» Task to complete:
Set down each line of the data below exactly as it stands, dropping the pictures.
Data section Block Start
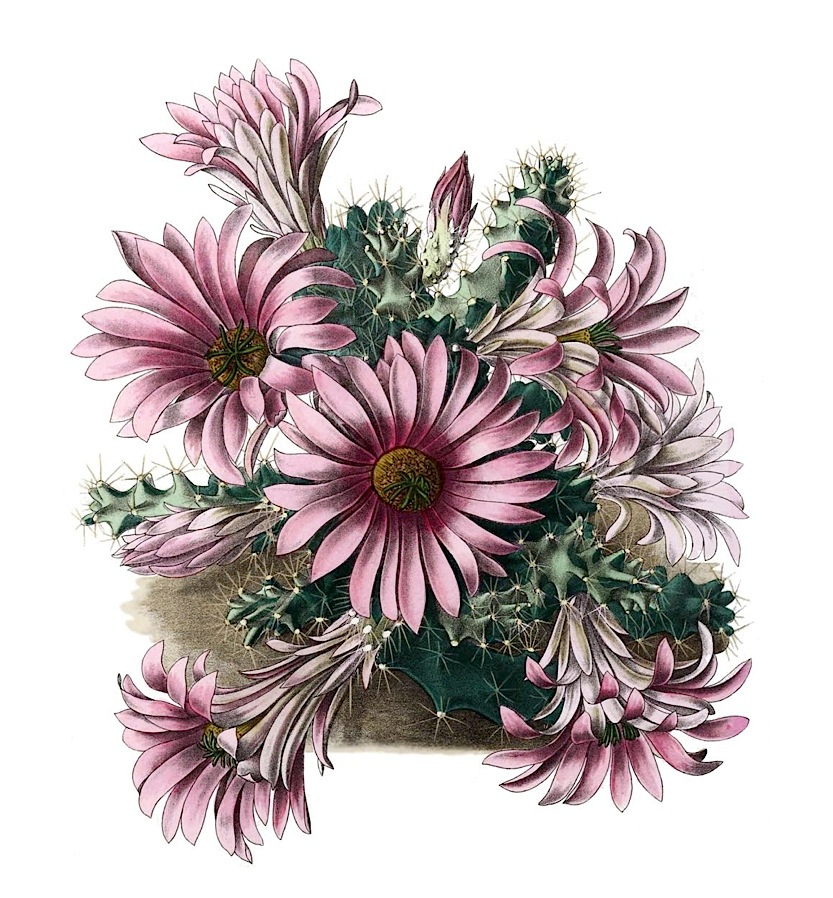 Echinocereus berlandieri
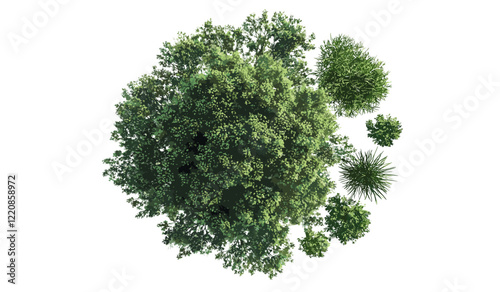 Vector illustration tree top view, isolated on white background, transparent background, top-down tree graphic, landscape design element, green foliage vector, botanical clipart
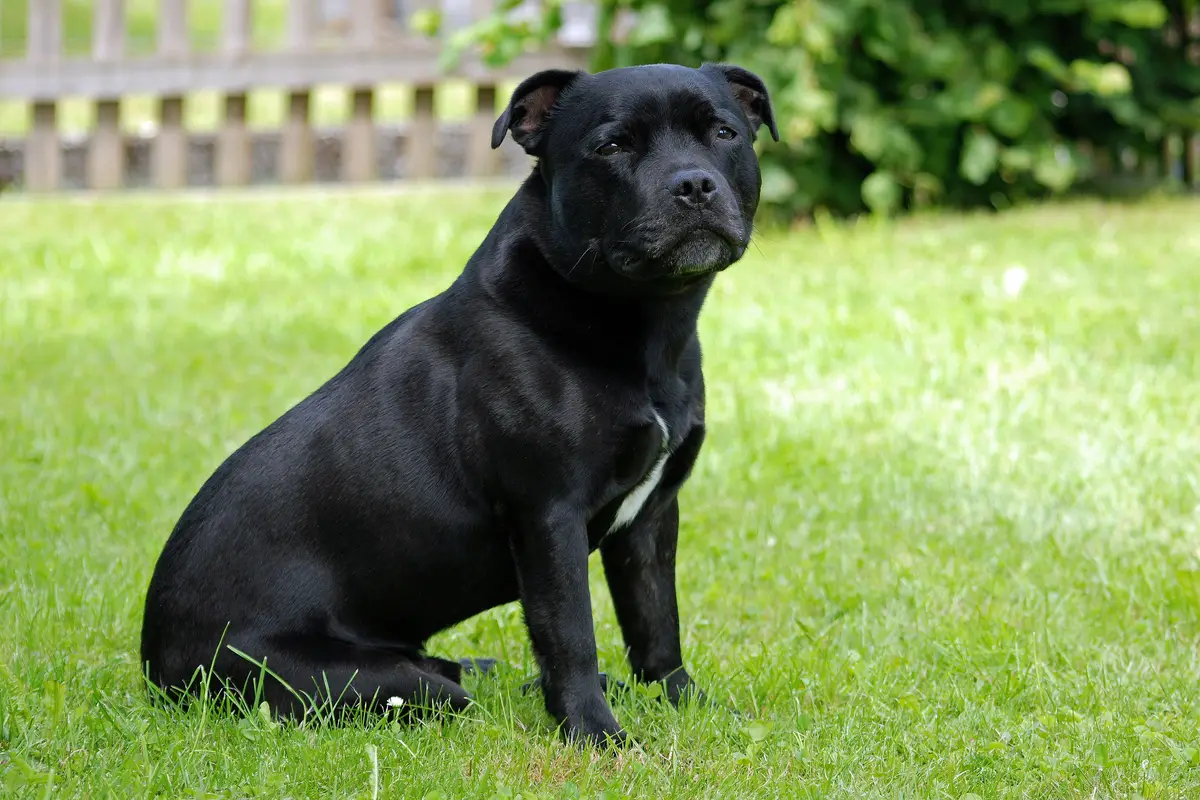 Staffordshire Bull Terrier : santé, maladies fréquentes et budget vétérinaire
Data section Block End
» Exercise solution:
 Echinocereus berlandieri
 Vector illustration tree top view, isolated on white background, transparent background, top-down tree graphic, landscape design element, green foliage vector, botanical clipart
 Staffordshire Bull Terrier : santé, maladies fréquentes et budget vétérinaire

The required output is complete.